Input data:

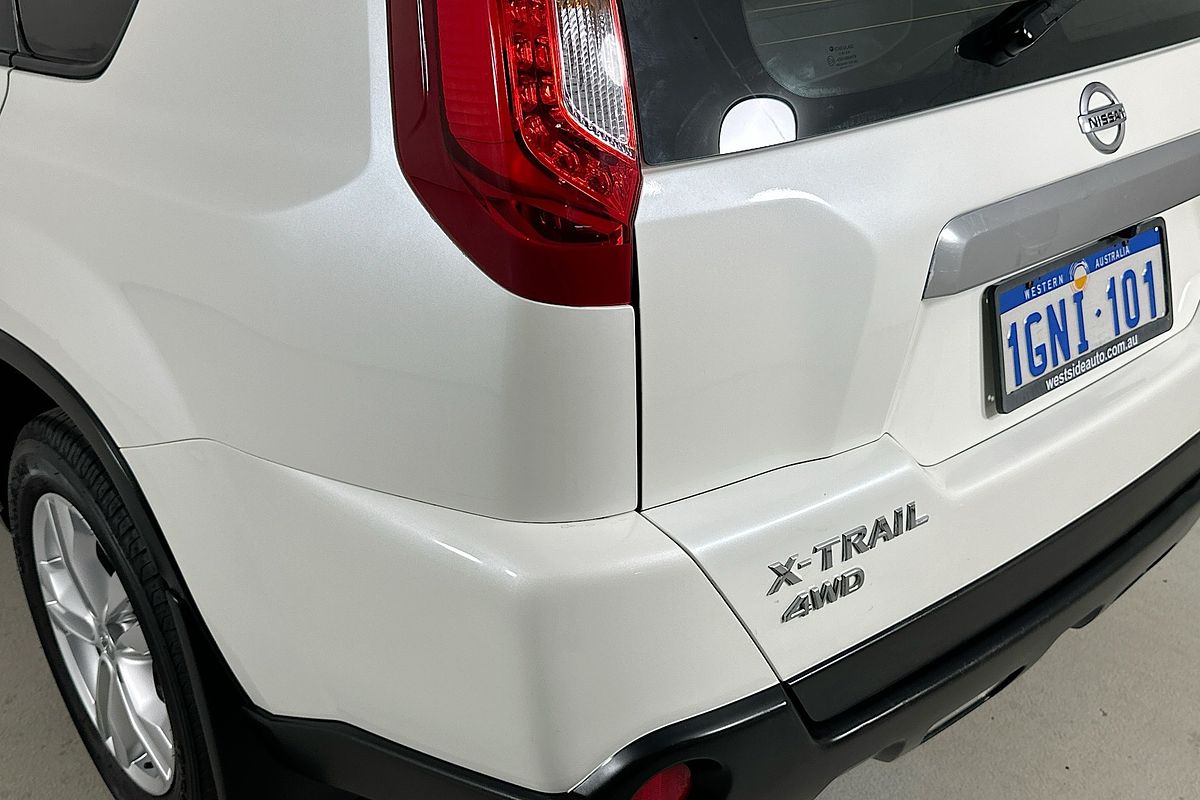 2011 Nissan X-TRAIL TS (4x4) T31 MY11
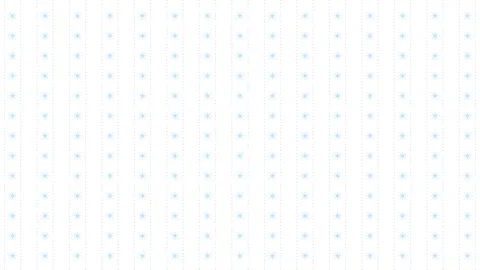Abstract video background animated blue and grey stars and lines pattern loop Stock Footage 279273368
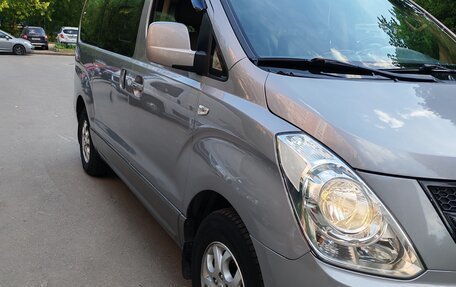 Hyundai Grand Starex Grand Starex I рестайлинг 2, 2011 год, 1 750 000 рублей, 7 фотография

Your assignment: Give back the full listing word for word, with the pictures left out.

Exercise solution:
 2011 Nissan X-TRAIL TS (4x4) T31 MY11
Abstract video background animated blue and grey stars and lines pattern loop Stock Footage 279273368
 Hyundai Grand Starex Grand Starex I рестайлинг 2, 2011 год, 1 750 000 рублей, 7 фотография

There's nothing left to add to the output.